Problem description — Without omitting anything, copy the data exactly.

Data excerpts —
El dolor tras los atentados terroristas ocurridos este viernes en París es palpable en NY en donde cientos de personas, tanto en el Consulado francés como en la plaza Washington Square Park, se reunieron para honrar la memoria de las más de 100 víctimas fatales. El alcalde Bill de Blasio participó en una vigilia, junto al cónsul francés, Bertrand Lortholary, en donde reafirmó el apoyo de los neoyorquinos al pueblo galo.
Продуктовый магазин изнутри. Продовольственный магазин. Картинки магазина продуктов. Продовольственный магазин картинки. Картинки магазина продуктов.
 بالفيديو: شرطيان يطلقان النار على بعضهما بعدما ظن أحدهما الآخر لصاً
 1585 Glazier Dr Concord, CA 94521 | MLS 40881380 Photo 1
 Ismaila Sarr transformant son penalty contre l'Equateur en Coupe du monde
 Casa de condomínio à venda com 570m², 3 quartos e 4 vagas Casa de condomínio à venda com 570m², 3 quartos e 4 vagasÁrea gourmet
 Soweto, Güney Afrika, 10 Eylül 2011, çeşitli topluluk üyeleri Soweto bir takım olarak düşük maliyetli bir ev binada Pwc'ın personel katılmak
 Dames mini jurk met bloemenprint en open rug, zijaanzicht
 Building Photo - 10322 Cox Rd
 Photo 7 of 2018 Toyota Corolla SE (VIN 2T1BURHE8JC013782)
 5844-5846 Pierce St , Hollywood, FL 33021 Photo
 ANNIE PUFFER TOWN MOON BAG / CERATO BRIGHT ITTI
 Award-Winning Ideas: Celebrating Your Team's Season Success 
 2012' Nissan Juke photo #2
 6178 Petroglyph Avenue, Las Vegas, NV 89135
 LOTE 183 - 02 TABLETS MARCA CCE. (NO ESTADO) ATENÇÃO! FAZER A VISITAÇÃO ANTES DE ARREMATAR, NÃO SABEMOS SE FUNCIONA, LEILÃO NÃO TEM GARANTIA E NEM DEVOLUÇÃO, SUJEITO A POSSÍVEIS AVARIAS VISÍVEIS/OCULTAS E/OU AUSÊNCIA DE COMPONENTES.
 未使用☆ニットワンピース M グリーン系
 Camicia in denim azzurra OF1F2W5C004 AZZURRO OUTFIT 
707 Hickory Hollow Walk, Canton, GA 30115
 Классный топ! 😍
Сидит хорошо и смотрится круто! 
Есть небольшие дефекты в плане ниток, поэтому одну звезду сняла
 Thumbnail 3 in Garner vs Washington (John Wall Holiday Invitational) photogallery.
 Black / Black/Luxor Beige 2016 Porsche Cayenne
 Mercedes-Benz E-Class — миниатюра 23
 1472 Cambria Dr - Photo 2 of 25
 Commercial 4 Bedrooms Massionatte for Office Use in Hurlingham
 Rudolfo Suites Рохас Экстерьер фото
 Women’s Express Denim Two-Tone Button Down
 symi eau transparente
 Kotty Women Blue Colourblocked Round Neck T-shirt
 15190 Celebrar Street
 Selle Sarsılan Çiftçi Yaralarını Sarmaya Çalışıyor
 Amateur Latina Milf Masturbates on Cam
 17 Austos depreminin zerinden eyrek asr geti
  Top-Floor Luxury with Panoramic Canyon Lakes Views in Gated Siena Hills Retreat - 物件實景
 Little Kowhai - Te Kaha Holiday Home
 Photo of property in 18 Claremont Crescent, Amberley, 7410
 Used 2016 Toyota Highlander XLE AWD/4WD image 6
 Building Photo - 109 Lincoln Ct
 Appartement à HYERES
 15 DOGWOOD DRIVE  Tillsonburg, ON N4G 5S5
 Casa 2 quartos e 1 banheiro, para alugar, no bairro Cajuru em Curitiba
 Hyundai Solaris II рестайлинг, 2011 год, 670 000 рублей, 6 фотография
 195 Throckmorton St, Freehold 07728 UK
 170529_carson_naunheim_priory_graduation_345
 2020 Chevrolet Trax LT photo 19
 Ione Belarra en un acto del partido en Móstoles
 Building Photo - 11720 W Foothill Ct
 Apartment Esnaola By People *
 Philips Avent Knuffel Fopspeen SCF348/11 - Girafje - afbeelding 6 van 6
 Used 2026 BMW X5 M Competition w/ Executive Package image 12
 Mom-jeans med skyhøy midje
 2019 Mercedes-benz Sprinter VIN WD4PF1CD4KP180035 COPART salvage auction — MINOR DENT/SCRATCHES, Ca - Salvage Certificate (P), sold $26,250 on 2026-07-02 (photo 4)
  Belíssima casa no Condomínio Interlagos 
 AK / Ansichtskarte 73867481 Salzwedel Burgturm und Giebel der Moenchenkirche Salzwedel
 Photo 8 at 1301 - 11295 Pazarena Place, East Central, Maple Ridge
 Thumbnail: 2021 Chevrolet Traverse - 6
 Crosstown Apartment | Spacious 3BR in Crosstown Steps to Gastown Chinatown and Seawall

Solution for this problem —
El dolor tras los atentados terroristas ocurridos este viernes en París es palpable en NY en donde cientos de personas, tanto en el Consulado francés como en la plaza Washington Square Park, se reunieron para honrar la memoria de las más de 100 víctimas fatales. El alcalde Bill de Blasio participó en una vigilia, junto al cónsul francés, Bertrand Lortholary, en donde reafirmó el apoyo de los neoyorquinos al pueblo galo.
Продуктовый магазин изнутри. Продовольственный магазин. Картинки магазина продуктов. Продовольственный магазин картинки. Картинки магазина продуктов.
 بالفيديو: شرطيان يطلقان النار على بعضهما بعدما ظن أحدهما الآخر لصاً
 1585 Glazier Dr Concord, CA 94521 | MLS 40881380 Photo 1
 Ismaila Sarr transformant son penalty contre l'Equateur en Coupe du monde
 Casa de condomínio à venda com 570m², 3 quartos e 4 vagas Casa de condomínio à venda com 570m², 3 quartos e 4 vagasÁrea gourmet
 Soweto, Güney Afrika, 10 Eylül 2011, çeşitli topluluk üyeleri Soweto bir takım olarak düşük maliyetli bir ev binada Pwc'ın personel katılmak
 Dames mini jurk met bloemenprint en open rug, zijaanzicht
 Building Photo - 10322 Cox Rd
 Photo 7 of 2018 Toyota Corolla SE (VIN 2T1BURHE8JC013782)
 5844-5846 Pierce St , Hollywood, FL 33021 Photo
 ANNIE PUFFER TOWN MOON BAG / CERATO BRIGHT ITTI
 Award-Winning Ideas: Celebrating Your Team's Season Success 
 2012' Nissan Juke photo #2
 6178 Petroglyph Avenue, Las Vegas, NV 89135
 LOTE 183 - 02 TABLETS MARCA CCE. (NO ESTADO) ATENÇÃO! FAZER A VISITAÇÃO ANTES DE ARREMATAR, NÃO SABEMOS SE FUNCIONA, LEILÃO NÃO TEM GARANTIA E NEM DEVOLUÇÃO, SUJEITO A POSSÍVEIS AVARIAS VISÍVEIS/OCULTAS E/OU AUSÊNCIA DE COMPONENTES.
 未使用☆ニットワンピース M グリーン系
 Camicia in denim azzurra OF1F2W5C004 AZZURRO OUTFIT 
707 Hickory Hollow Walk, Canton, GA 30115
 Классный топ! 😍
Сидит хорошо и смотрится круто! 
Есть небольшие дефекты в плане ниток, поэтому одну звезду сняла
 Thumbnail 3 in Garner vs Washington (John Wall Holiday Invitational) photogallery.
 Black / Black/Luxor Beige 2016 Porsche Cayenne
 Mercedes-Benz E-Class — миниатюра 23
 1472 Cambria Dr - Photo 2 of 25
 Commercial 4 Bedrooms Massionatte for Office Use in Hurlingham
 Rudolfo Suites Рохас Экстерьер фото
 Women’s Express Denim Two-Tone Button Down
 symi eau transparente
 Kotty Women Blue Colourblocked Round Neck T-shirt
 15190 Celebrar Street
 Selle Sarsılan Çiftçi Yaralarını Sarmaya Çalışıyor
 Amateur Latina Milf Masturbates on Cam
 17 Austos depreminin zerinden eyrek asr geti
  Top-Floor Luxury with Panoramic Canyon Lakes Views in Gated Siena Hills Retreat - 物件實景
 Little Kowhai - Te Kaha Holiday Home
 Photo of property in 18 Claremont Crescent, Amberley, 7410
 Used 2016 Toyota Highlander XLE AWD/4WD image 6
 Building Photo - 109 Lincoln Ct
 Appartement à HYERES
 15 DOGWOOD DRIVE  Tillsonburg, ON N4G 5S5
 Casa 2 quartos e 1 banheiro, para alugar, no bairro Cajuru em Curitiba
 Hyundai Solaris II рестайлинг, 2011 год, 670 000 рублей, 6 фотография
 195 Throckmorton St, Freehold 07728 UK
 170529_carson_naunheim_priory_graduation_345
 2020 Chevrolet Trax LT photo 19
 Ione Belarra en un acto del partido en Móstoles
 Building Photo - 11720 W Foothill Ct
 Apartment Esnaola By People *
 Philips Avent Knuffel Fopspeen SCF348/11 - Girafje - afbeelding 6 van 6
 Used 2026 BMW X5 M Competition w/ Executive Package image 12
 Mom-jeans med skyhøy midje
 2019 Mercedes-benz Sprinter VIN WD4PF1CD4KP180035 COPART salvage auction — MINOR DENT/SCRATCHES, Ca - Salvage Certificate (P), sold $26,250 on 2026-07-02 (photo 4)
  Belíssima casa no Condomínio Interlagos 
 AK / Ansichtskarte 73867481 Salzwedel Burgturm und Giebel der Moenchenkirche Salzwedel
 Photo 8 at 1301 - 11295 Pazarena Place, East Central, Maple Ridge
 Thumbnail: 2021 Chevrolet Traverse - 6
 Crosstown Apartment | Spacious 3BR in Crosstown Steps to Gastown Chinatown and Seawall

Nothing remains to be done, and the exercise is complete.